----- Provided data -----

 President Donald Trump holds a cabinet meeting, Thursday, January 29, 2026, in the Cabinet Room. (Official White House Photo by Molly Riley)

-----
----- Provided data -----

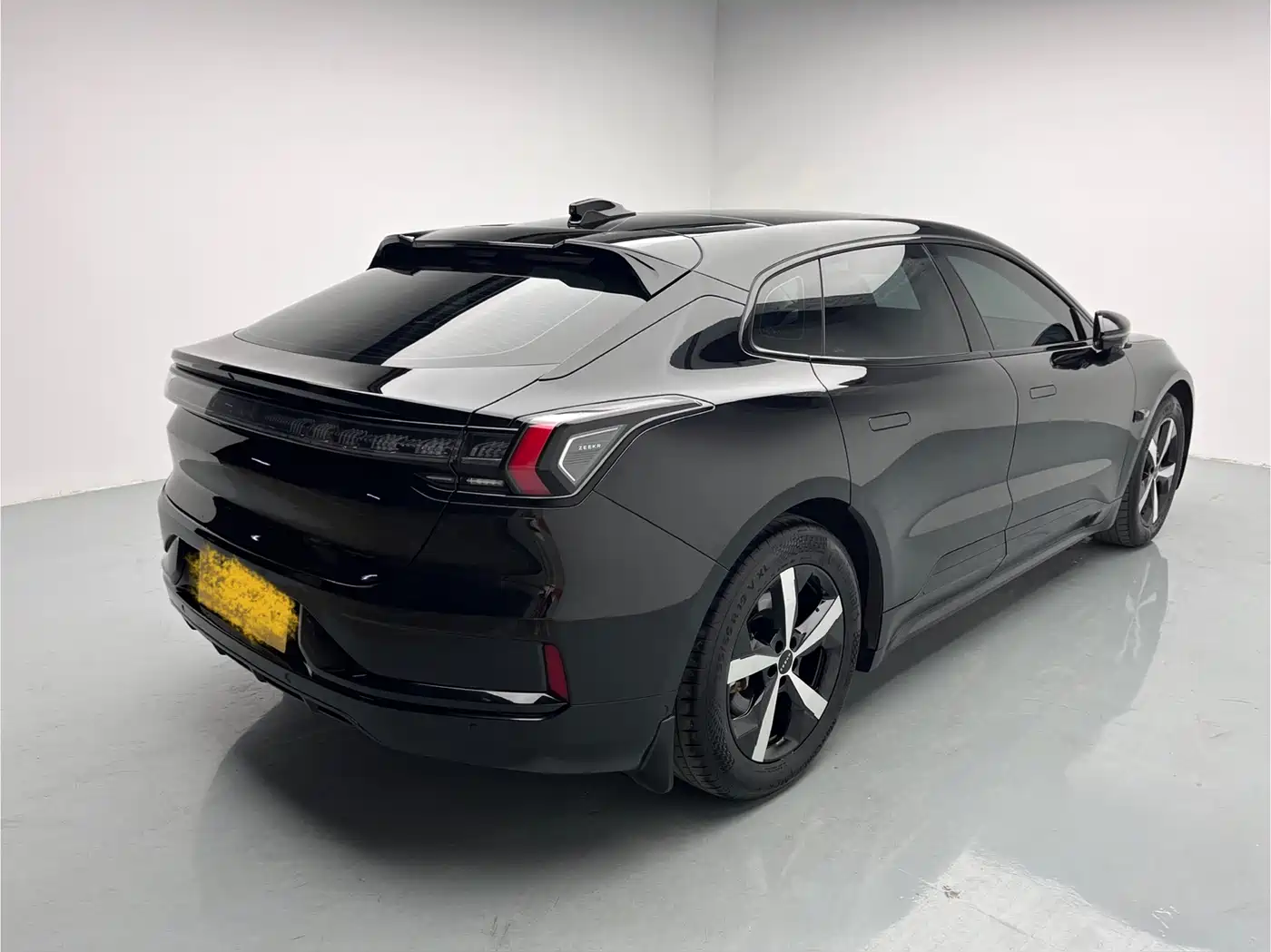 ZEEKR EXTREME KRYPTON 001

-----
----- Provided data -----

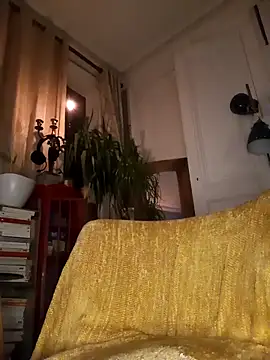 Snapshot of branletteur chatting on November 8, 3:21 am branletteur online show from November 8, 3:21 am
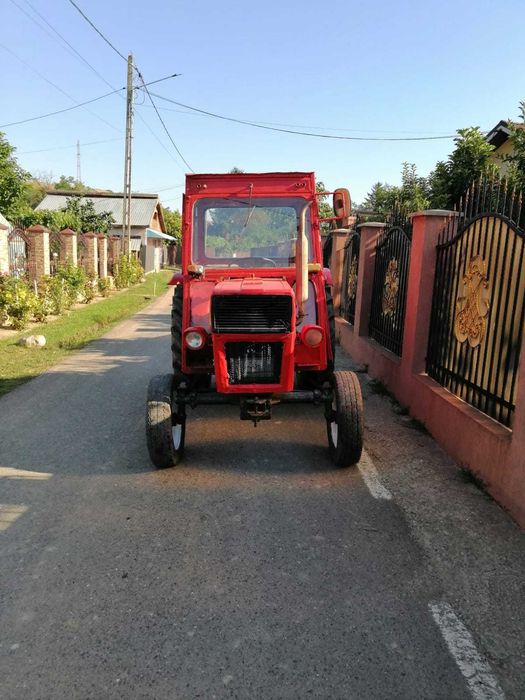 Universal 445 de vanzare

-----

▶ **Problem requirements**:
In the listing above, find the line containing "Snapshot of branletteur". Output it and every line after it up to and including the line containing "Universal 445 de vanzare", exactly, but skip the pictures.

▶ **Result**:
 Snapshot of branletteur chatting on November 8, 3:21 am branletteur online show from November 8, 3:21 am
 Universal 445 de vanzare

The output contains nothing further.